Fossils, meteorites and archeological discoveries took center stage Wednesday as part of North Texas Fossil Day at the University of North Texas.
The Environmental Education, Science and Technology Building held exhibits from the Dallas Paleontological Society, the Heard Museum, the Perot Museum of Nature and Science and donations to the university. Attendees were able to see and in some cases touch the items, keys to learning about the area’s history.
“The fossils give us a history,” said George Maxey, a UNT senior lecturer and event organizer.
Maxey noted one display case that contained the huge footprint of a hadrosaur, a duck-billed dinosaur from the Cretaceous period.
“The creature that made these tracks walked where we are today,” he said. “We can see the idea that our world changes. We tend to think it shouldn’t.”
In addition to the dinosaur and fish fossils on display, Maxey said the event offered other marine creatures, fossilized wood, a recently discovered saber tooth cat, a number of shark tooth exhibits, a table where members of the Dallas Paleontological Society could identify archeological finds and a children’s fossil dig.
Maxey said the event was spurring a great deal of interest. Students as well as families looked over the exhibit pieces and engaged in discussions with the representatives of the museums they came from.
“We get a lot of students asking questions. Since we only have parts and pieces, they want to know the rest. It’s like pieces of a puzzle,” Maxey said.
He said that speculation about what the rest of a given creature looks like — how tall it was, how big — helps fuel the conversation and continued interest in the fossils. Maxey said that he had even received some calls from Denton residents who were interested in donating bones they had found to the university.
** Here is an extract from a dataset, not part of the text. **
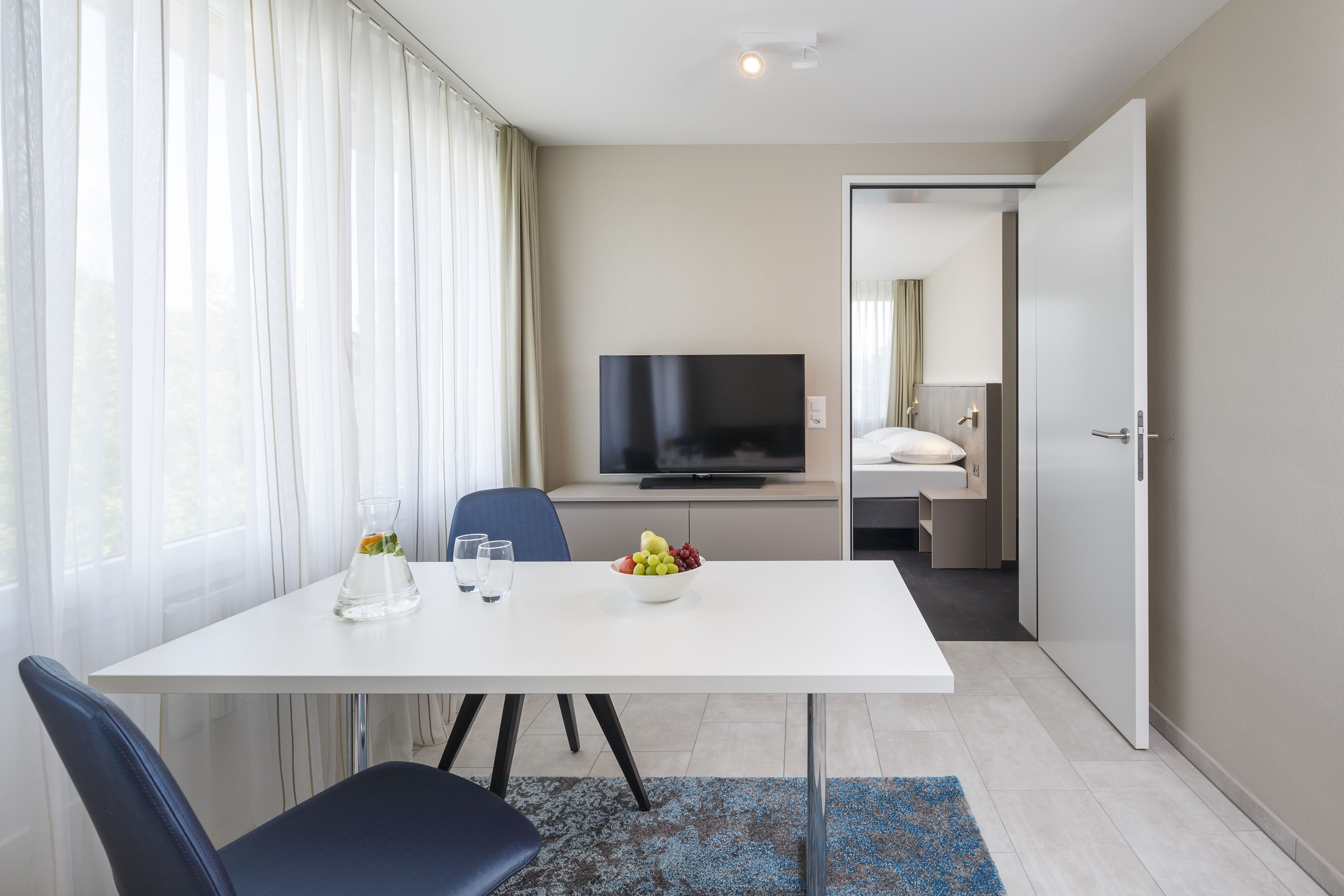 business plus suite | in-room dining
Some of the local discoveries at the event included the skull fossil of an Enchodus fish and the lower jaw fossil of a Saurodon fish, discovered this past summer by a Prosper resident while digging a swimming pool, and a 250-pound fossil of the head of an Xiphactinus audex fish discovered in 2010 in Aubrey.
Hannah Moots, lead educator for paleontology and earth science programs at the Perot Museum, said fossils tell researchers not only about the animals but also about environments and ecosystems.
At the Perot Museum’s table, Moots rattled off details about the skull, toe claw and jaw pieces on display.
One of her favorite nuggets of information to share was about the Dallas area millions of years ago.
“We know Dallas and the whole metroplex and most of Texas was under water during the Cretaceous period.” she said. “The fossils are telling us not only about animals but the history of the Earth.”